Une héritage de près de 500 ans

(c) Razzouk Tattoo
Près de la porte de Jaffa, à l’entrée du quartier chrétien de la vieille ville de Jérusalem, Wassim Razzouk incarne la vingt-cinquième génération de Palestiniens coptes chrétiens tatoueurs.
Parmi ses outils, Wassim compte des tampons gravés dans du bois d’olivier vieux de plusieurs siècles. Le plus ancien, une croix de Jérusalem, date de près de 500 ans et lui provient, comme les autres, de son héritage familial transmis de père en fils.
A chacun sa croix
Le tatouage est une pratique utilisée au sein même de l’Église copte et sert de preuve aux pèlerins pour distinguer les chrétiens coptes des non-chrétiens. Néanmoins, qu’elles soient latines, maltaises, celtiques, éthiopiennes, russes orthodoxes, aucune croix ne manque à l’appel.

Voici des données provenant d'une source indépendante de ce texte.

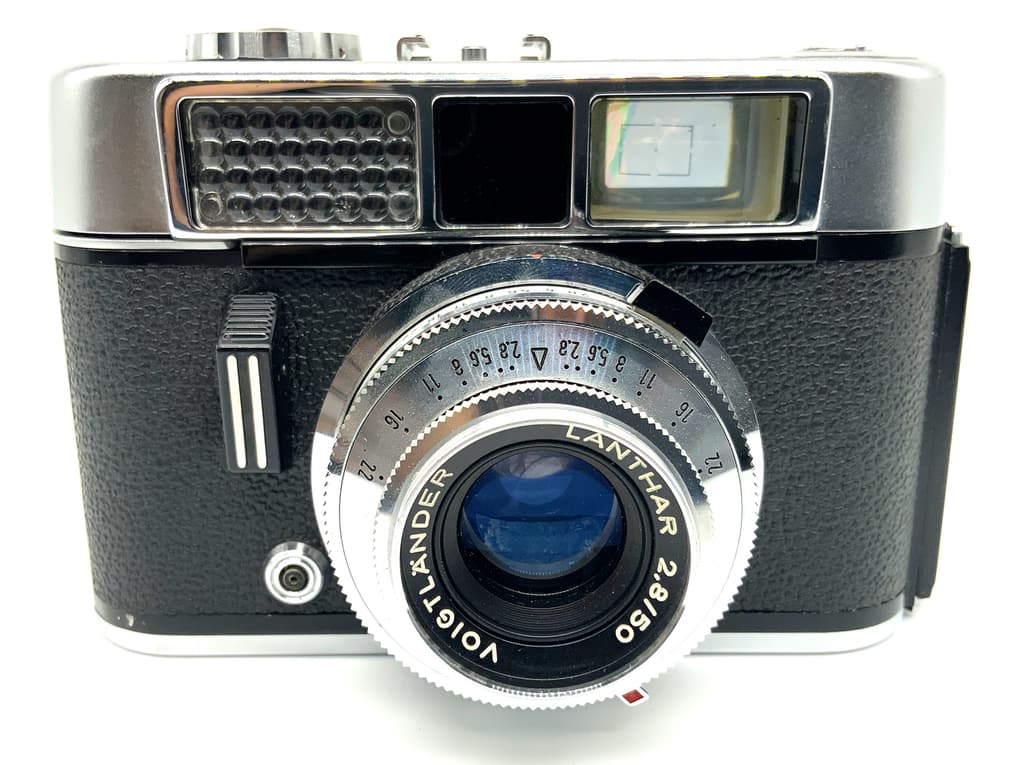 Voigtländer Vito CD Sucherkamera mit Lanthar 2.8/50 Kompaktkamera Analogkamera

Un art qui continue de se transmettre
Des centaines de pèlerins du monde entier affluent dans les Lieux Saints, particulièrement pendant la Semaine Sainte. Des groupes se relaient quotidiennement dans la petite boutique blanche, qui ne désemplit pas. « Certains peuvent attendre des heures dans la file» raconte Wassim. Christ ressuscité, Vierge à l’Enfant, Saint Georges,… le catalogue de Wassim est vaste, chacun peut donc y trouver son bonheur, quand il ne vient pas avec une demande précise. « Je ne me considère pas comme un tatoueur typique, confie encore Wassim. Nous tatouons des pèlerins religieux, des personnes âgées, des prêtres et des moines. » Aujourd’hui, Wassim transmet son art à d’autres tatoueurs, désireux de perpétuer eux aussi un savoir-faire ancestral.
Sophie DELHALLE
Merci à Marie-Armelle Beaulieu pour son éclairage et son apport dans la rédaction de cet article.
>>> Découvrez aussi nos deux autres épisodes consacrés aux tatouages chrétiens:
Tatouages chrétiens d’hier à aujourd’hui: quand le corps devient cathédrale (2/3)
Tatouages chrétiens d’hier à aujourd’hui : une foi chevillée au corps (3/3)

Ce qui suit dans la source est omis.